Your goal | For this exercise, repeat the records below exactly and omit every picture.

Data shown |
+ + + +

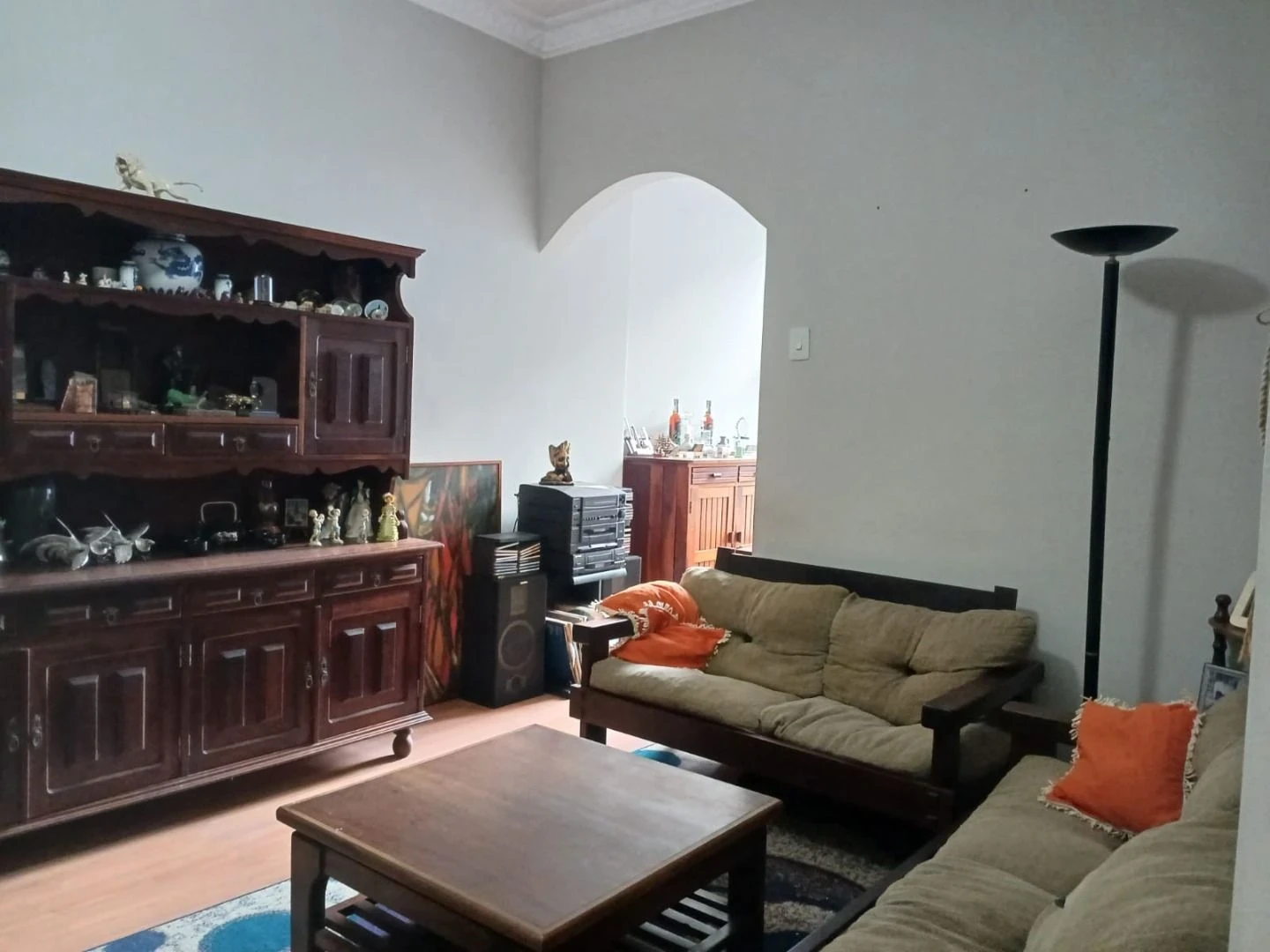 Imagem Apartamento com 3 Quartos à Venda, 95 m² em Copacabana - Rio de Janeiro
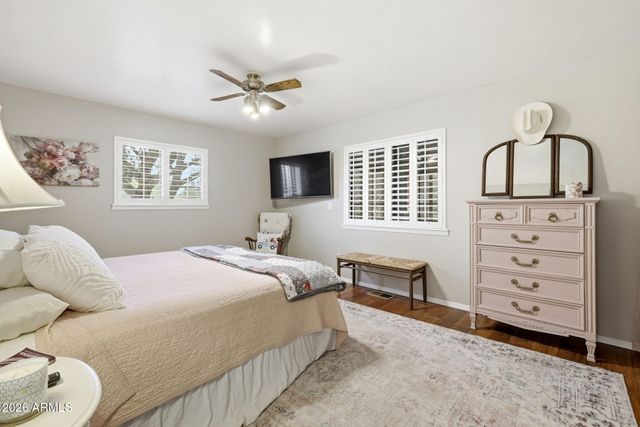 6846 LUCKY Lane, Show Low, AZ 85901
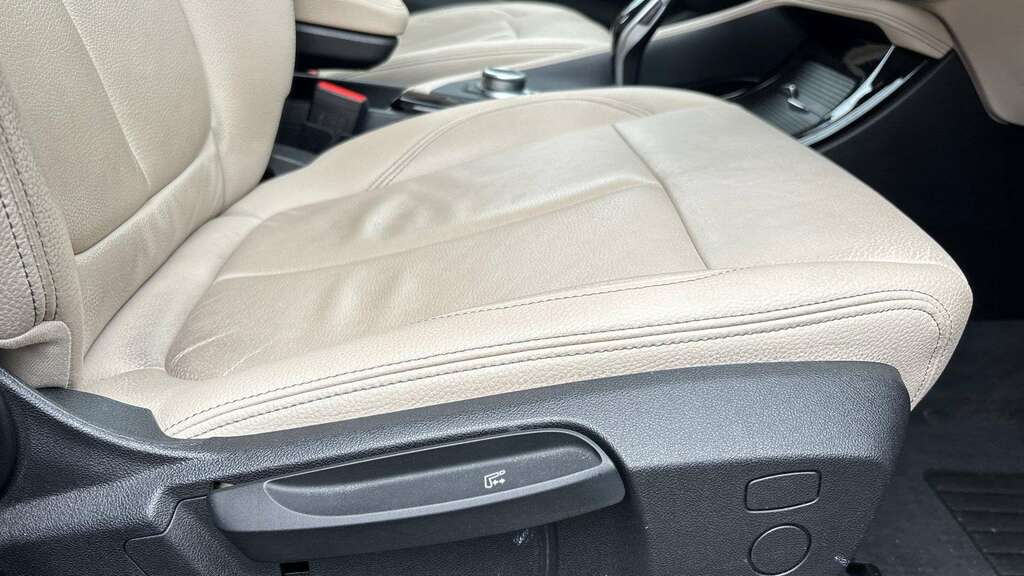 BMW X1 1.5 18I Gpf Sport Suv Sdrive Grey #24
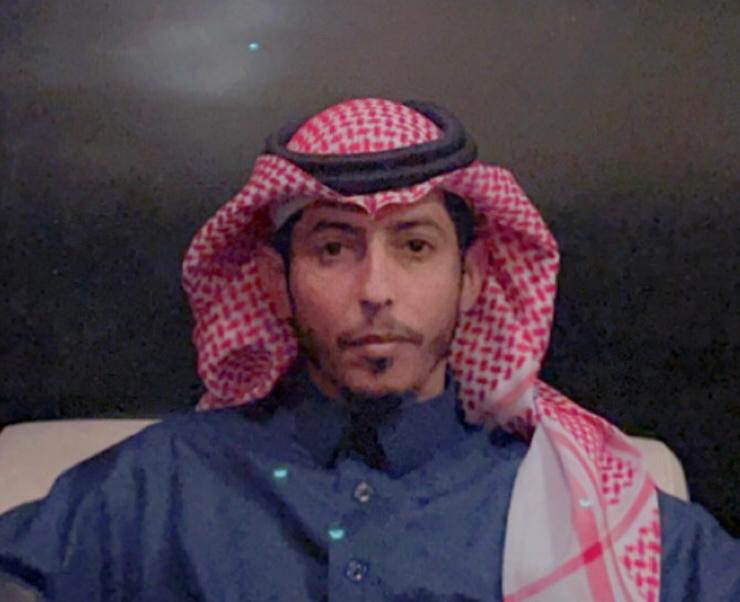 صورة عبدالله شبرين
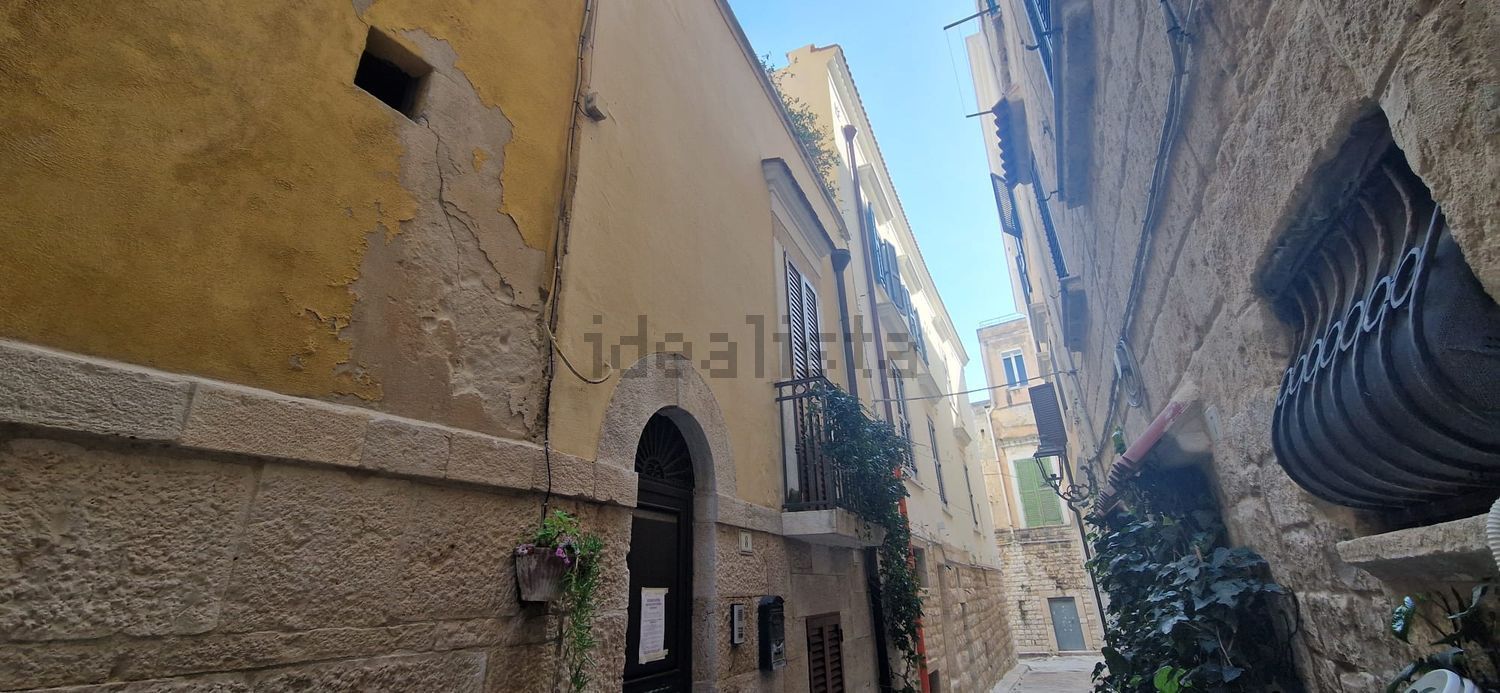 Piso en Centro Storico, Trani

+ + + +

Expected output |
 Imagem Apartamento com 3 Quartos à Venda, 95 m² em Copacabana - Rio de Janeiro
 6846 LUCKY Lane, Show Low, AZ 85901
 BMW X1 1.5 18I Gpf Sport Suv Sdrive Grey #24
 صورة عبدالله شبرين
 Piso en Centro Storico, Trani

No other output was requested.